The material below holds pictures, which are to be left out; copy exactly the lines from the one with "a bedroom with" through the one with "the chairs 117640668".

━━━━━━━━

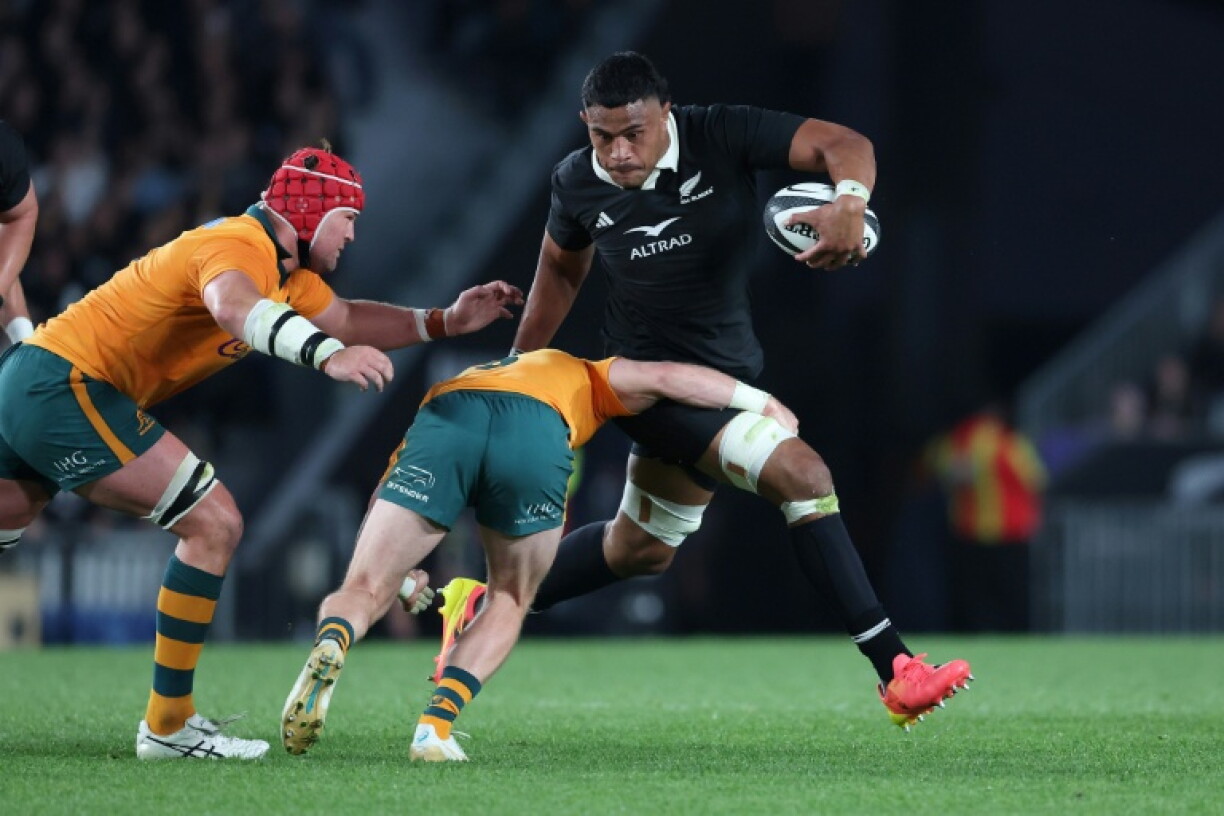Tupou Vaa'i (C) of New Zealand is tackled during the rugby union Bledisloe Cup match between New Zealand and Australia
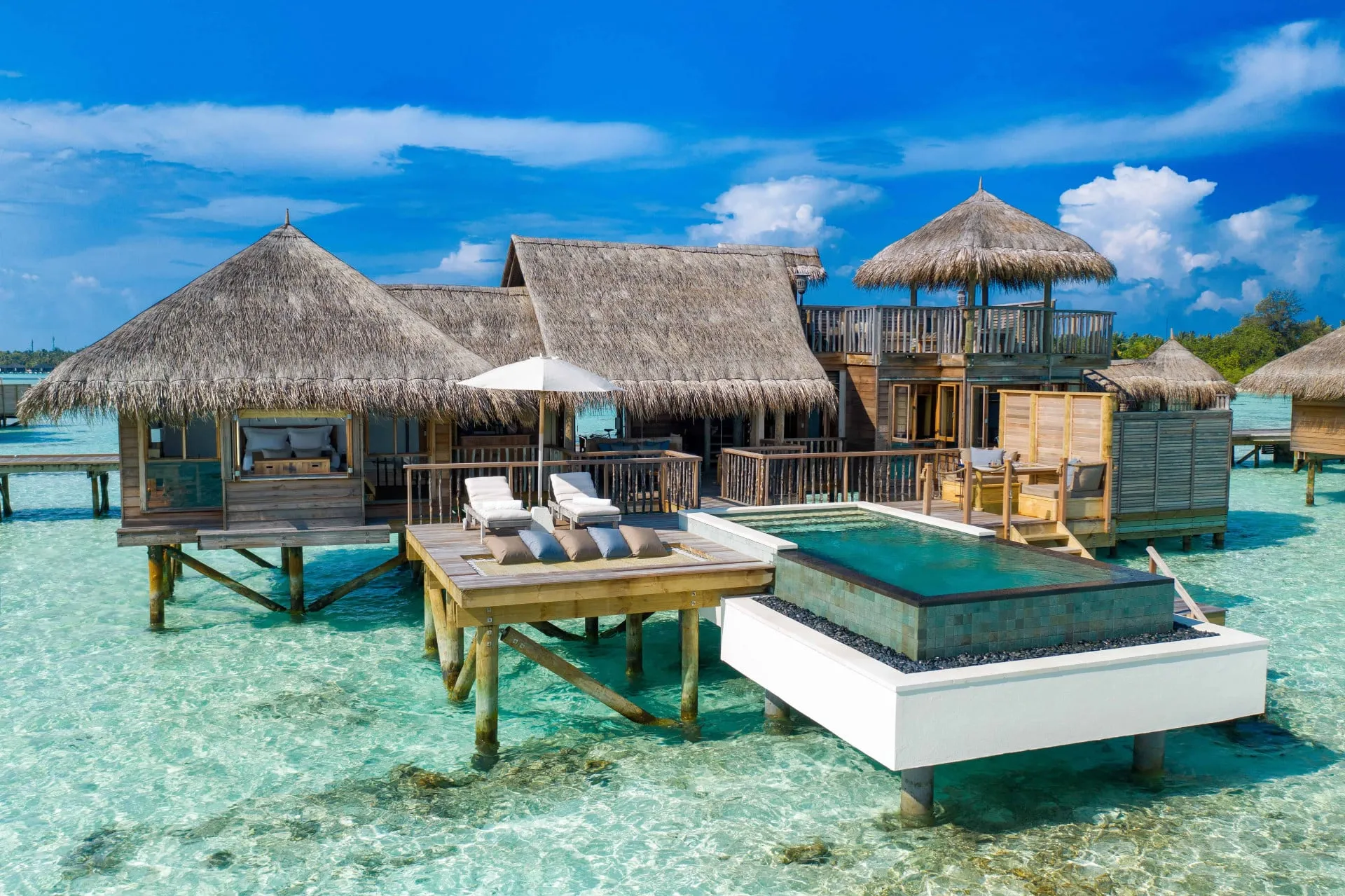 An overwater villa at Gili Lankanfushi with a thatched roof and driftwood deck extending over a turquoise lagoon in North Male Atoll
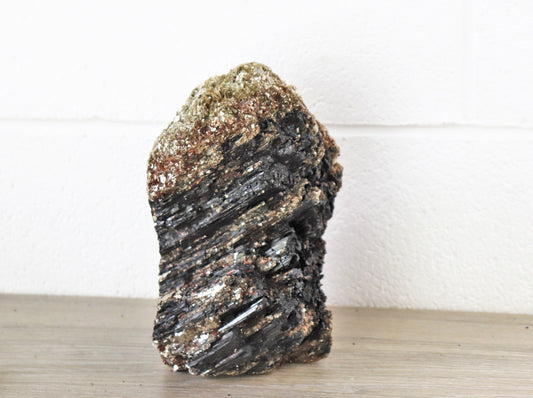 large black tourmaline crystal with mica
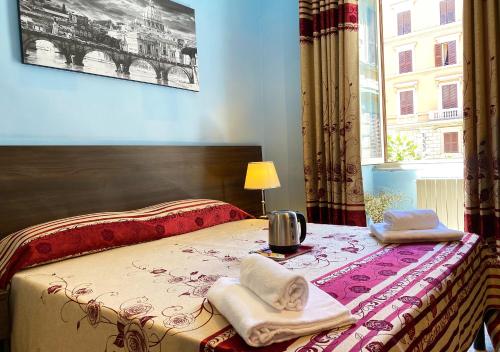 a bedroom with a bed with towels and a window at Sweet Dream Roma Termini in Rome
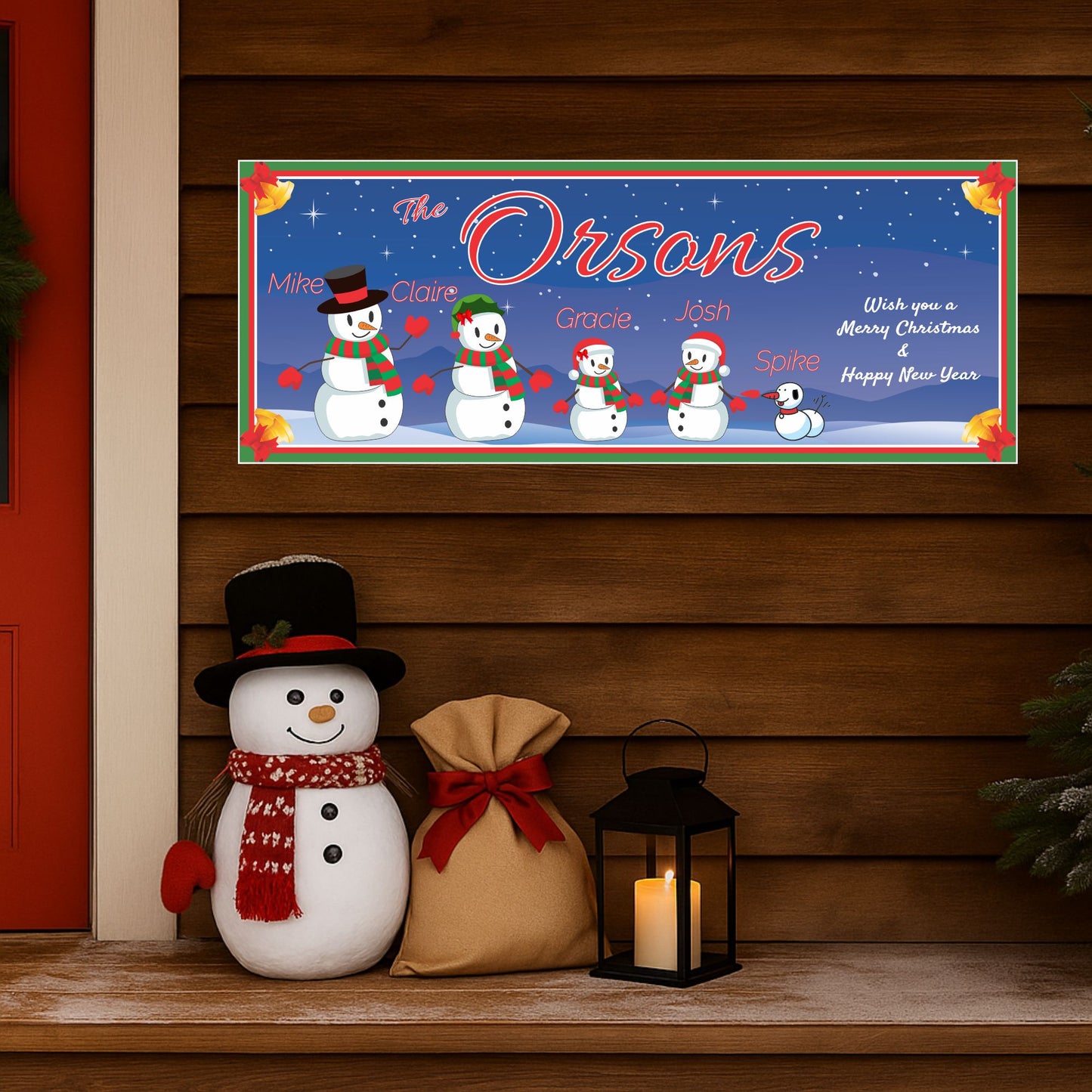 Personalized snowman Christmas sign displayed on a wooden shelf with holiday décor, lantern, and festive decorations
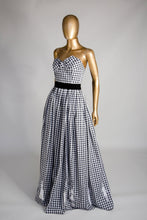 Black and white gingham cotton ballgown dress with applique people hem, displayed on a mannequin.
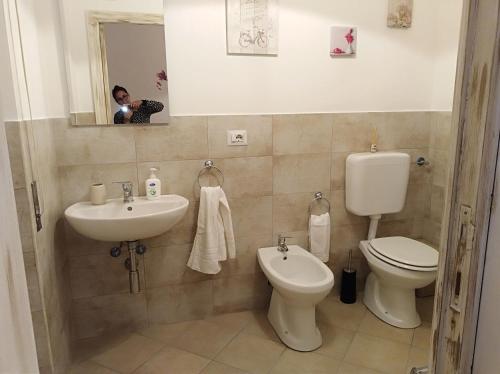 une personne prenant une photo d'une salle de bains avec toilettes et lavabo dans l'établissement B&B Le Peonie, à Badesi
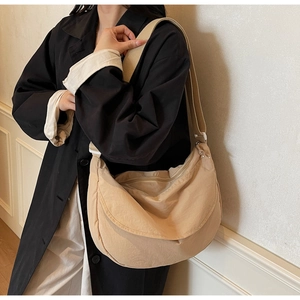 Close-up of large khaki crescent crossbody bag with wide strap on a model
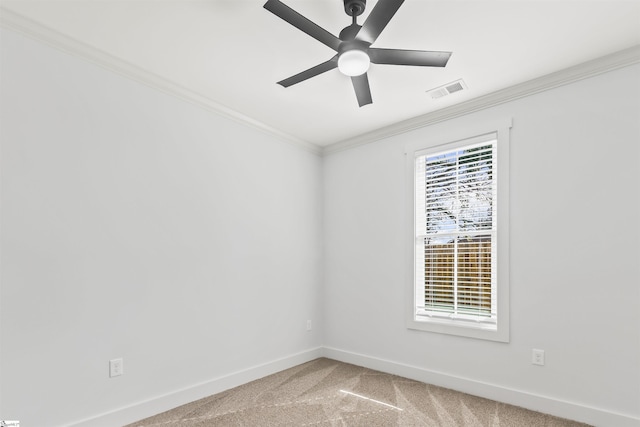 carpeted spare room featuring ornamental molding and ceiling fan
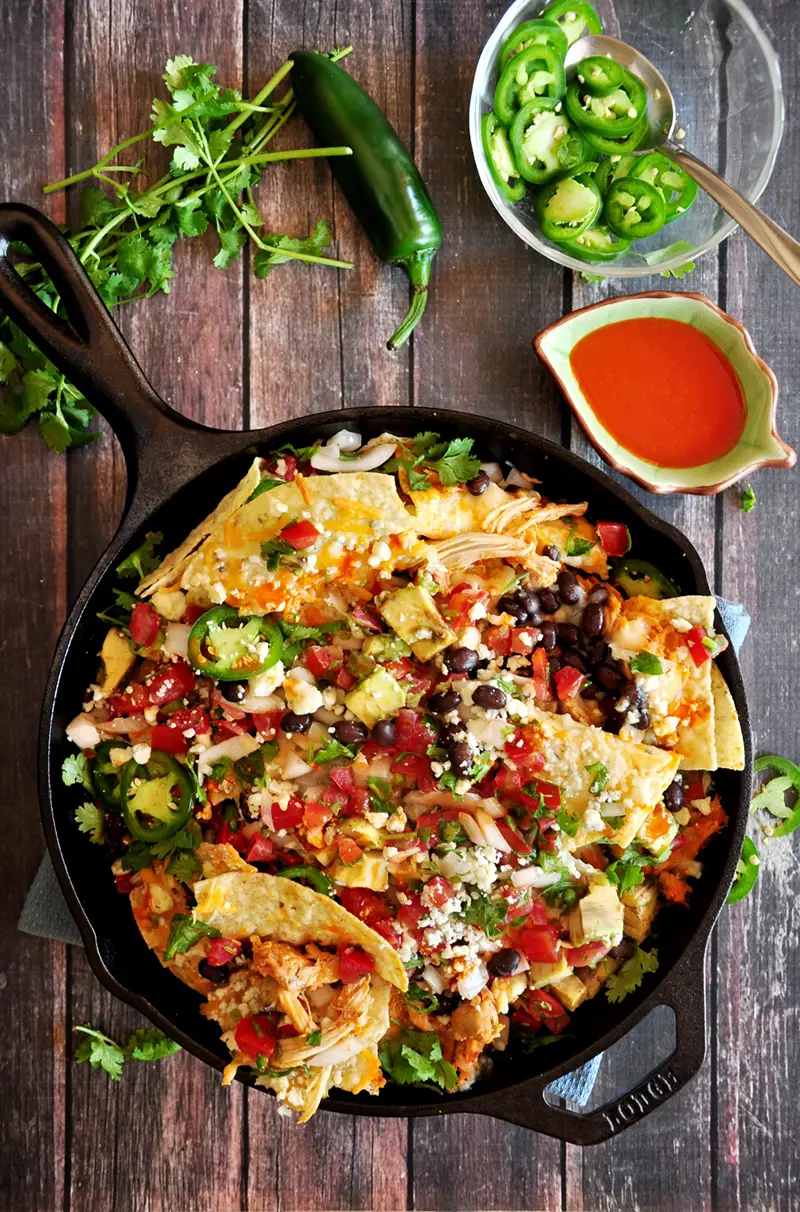 The best gooey, tangy, spicy buffalo chicken nachos you’ve ever had. Loaded with three types of cheese and fresh, Mexican-style ingredients. Ready in 20 minutes.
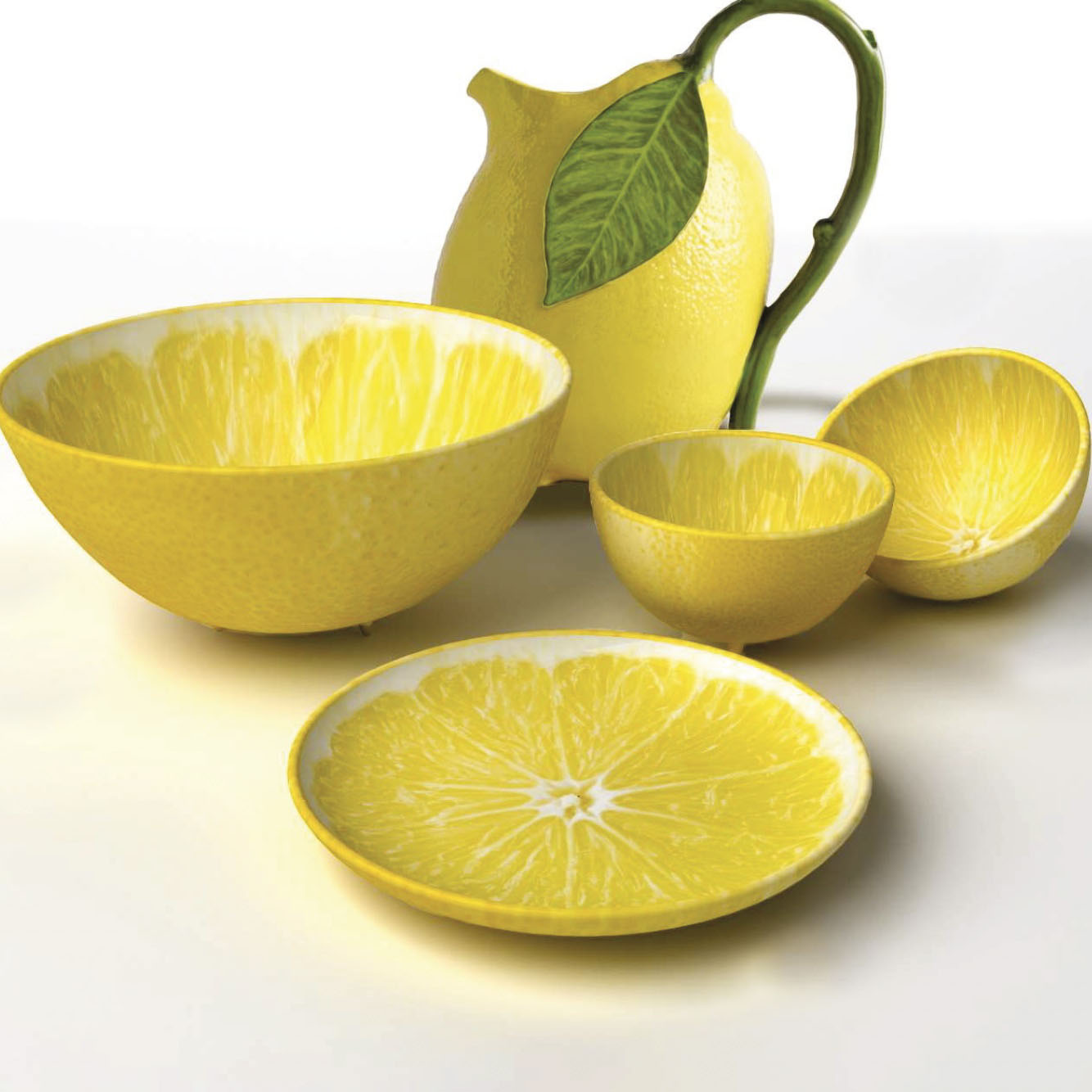 Three yellow ceramic bowls shaped like half lemons by Bordallo Pinheiro with a textured exterior, and a lemon-inspired plate and pitcher against a white background.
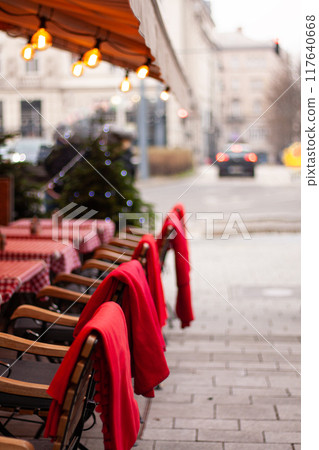 the outdoor cafe is decorated for Christmas, red blankets on the chairs the outdoor cafe is decorated for Christmas, red blankets on the chairs 117640668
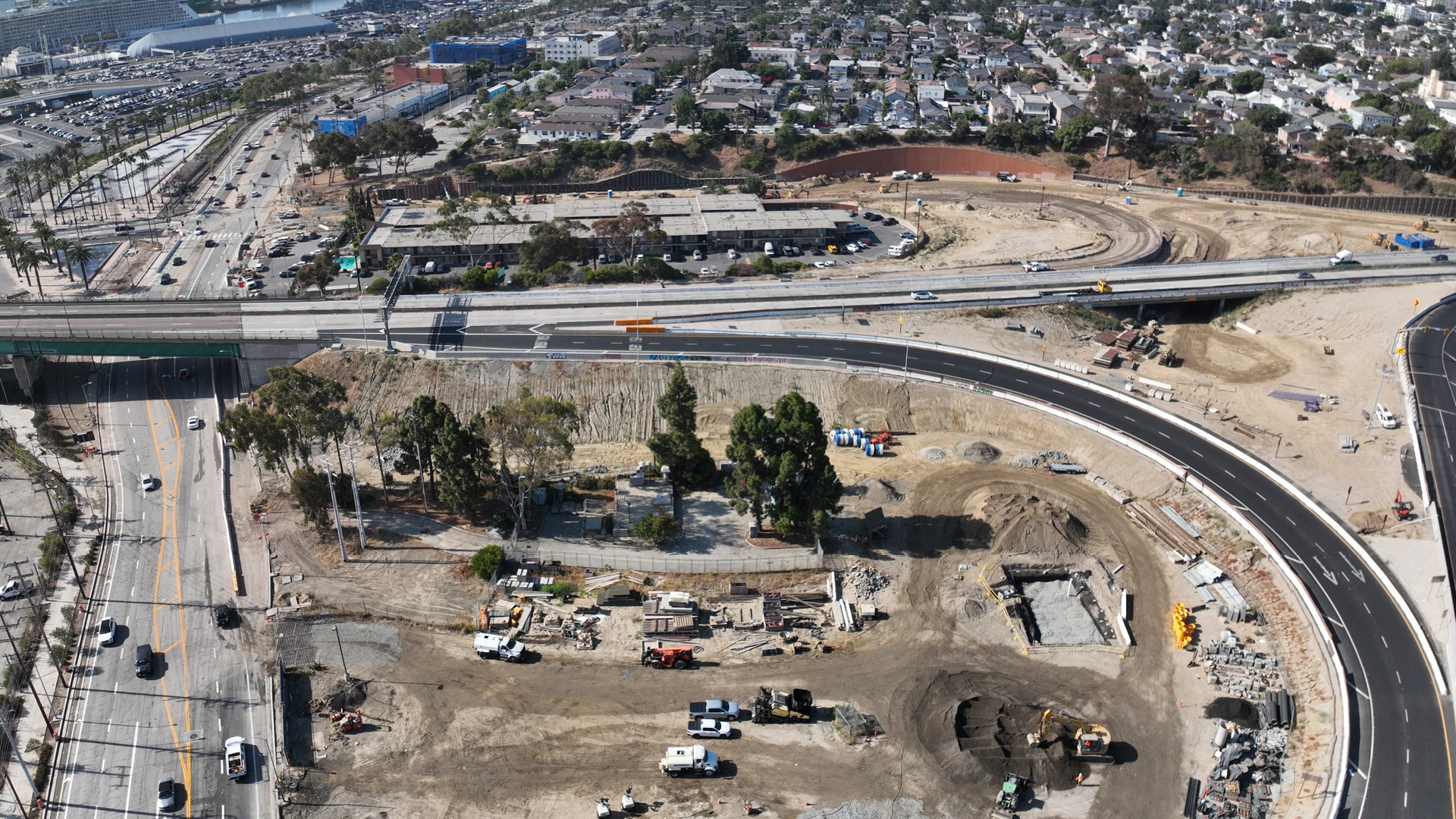 Aerial view of highway construction site with heavy machinery and nearby residential area.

━━━━━━━━

__Result for this task__.
 a bedroom with a bed with towels and a window at Sweet Dream Roma Termini in Rome
 Personalized snowman Christmas sign displayed on a wooden shelf with holiday décor, lantern, and festive decorations
 Black and white gingham cotton ballgown dress with applique people hem, displayed on a mannequin.
 une personne prenant une photo d'une salle de bains avec toilettes et lavabo dans l'établissement B&B Le Peonie, à Badesi
 Close-up of large khaki crescent crossbody bag with wide strap on a model
 carpeted spare room featuring ornamental molding and ceiling fan
 The best gooey, tangy, spicy buffalo chicken nachos you’ve ever had. Loaded with three types of cheese and fresh, Mexican-style ingredients. Ready in 20 minutes.
 Three yellow ceramic bowls shaped like half lemons by Bordallo Pinheiro with a textured exterior, and a lemon-inspired plate and pitcher against a white background.
 the outdoor cafe is decorated for Christmas, red blankets on the chairs the outdoor cafe is decorated for Christmas, red blankets on the chairs 117640668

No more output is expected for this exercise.